St. Paul wrestled with these same questions. He had what he called a “thorn in his flesh.” There has been a lot of speculation through the centuries as to what that was–whether it was spiritual, psychological, or physical. Some of the more popular theories about the thorn include temptation, a chronic eye problem, malaria, migraines, epilepsy, arthritis, or a speech impediment. Some even say that the thorn refers to a person, such as Alexander the coppersmith, who (according to 2nd Timothy) did Paul “a great deal of harm” (2 Timothy 4:14). Although no one can say for certain what the thorn was, it really bothered Paul. He wrote:
Three times I appealed to the Lord about this, that it would leave me, but he said to me, “My grace is sufficient for you, for power is made perfect in weakness.” So, I will boast all the more gladly of my weaknesses, so that the power of Christ may dwell in me. Therefore I am content with weaknesses, insults, hardships, persecutions, and calamities for the sake of Christ; for whenever I am weak, then I am strong. (2 Corinthians 12:7b-10)
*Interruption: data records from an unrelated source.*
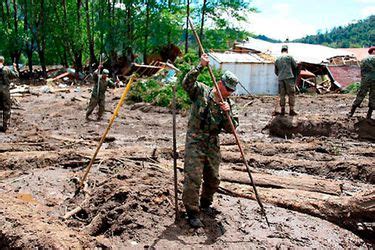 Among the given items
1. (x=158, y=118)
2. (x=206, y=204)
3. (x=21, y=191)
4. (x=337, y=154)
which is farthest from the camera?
(x=158, y=118)

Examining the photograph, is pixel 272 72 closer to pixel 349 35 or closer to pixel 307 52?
pixel 307 52

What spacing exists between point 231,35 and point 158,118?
59.1ft

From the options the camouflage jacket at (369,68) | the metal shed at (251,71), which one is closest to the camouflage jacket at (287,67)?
the camouflage jacket at (369,68)

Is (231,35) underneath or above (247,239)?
above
“Power is made perfect in weakness.”
What a contrast to the message of the world where power is equated with things external to us like pistols and money and high fences. But the teaching of our faith is that power arises out of our weakness. True power is moral power, power within, power dwelling in us.
- It’s the kind of power you see in people, bravely and non-violently, facing into the charge of police dogs and the spray of fire hoses.
- It’s the internal strength of a lone man facing down a tank in Tiananmen Square.
- It’s the witness of Mahatmas Gandhi’s fasting that brought the British Empire to its knees.
- It is none other than the power of the cross.
St. Paul explained it to the Philippians:
Let each of you look not to your own interests, but to the interests of others. Let the same mind be in you that was* in Christ Jesus,
who, though he was in the form of God,
did not regard equality with God
as something to be exploited,
but emptied himself,
taking the form of a slave,
being born in human likeness.
And being found in human form,
he humbled himself
and became obedient to the point of death—
even death on a cross. (Philippians 2:4-8)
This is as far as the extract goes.